The problem that owners of ARMs, adjustable rate loans, and interest-only loans face is potentially for higher payment in future years. The bill will soon start to come due in a serious way, as the initial period of fixed payments, typically, set at artificially low rates, expires for millions of homeowners with ARMs.
This year only about $80 billion, or 1% of mortgage debt will switch to an adjustable rate based largely on prevailing interest rates. Next year some $300 billion of mortgage debt will be similarly adjusted. In 2007, the portion will soar, with $1 trillion of the nation's mortgage debt, or about 12% of it, switching to adjustable payments. If consumers are paying more monthly to service debt they cannot be spending it in the economy. Coupled with staggering credit card, revolving and vehicle debt we can guarantee an economic slow down, which will also affect the value of real estate.

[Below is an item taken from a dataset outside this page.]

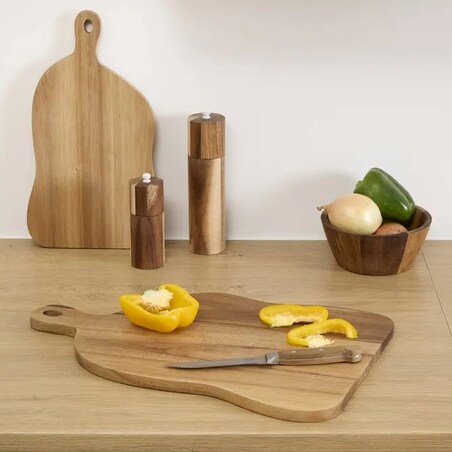 Deska do krojenia, serwowania, drewno akacji, Organik, 45x30 cm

This year the beat goes on in the condo market, which is super hot. The total volume of apartments purchased for conversion increased an astounding 350% last year to $13.3 billion. These loans given the elements of construction renovation risk, conversion stage risk and market risk make them extremely risky.
We are currently experiencing the same kind of inflationary buildup seen in the 1920s and in the 1970s. Currently we are in an inflationary mode that will carry forward over the next few years as the Fed and the Treasury attempt to keep the economy flourishing. During this period stagflation will occur and that will be followed by a difficult adjustment period known as recession and depression.
This will be needed to purge the system of financial excesses. Eventually the system will regain economic stability, if we do not experience revolution, and the nation will begin rebuilding although at an entirely different level. Sustaining booms historically has been a losing proposition and Sir Alan Greenspan is well aware of that.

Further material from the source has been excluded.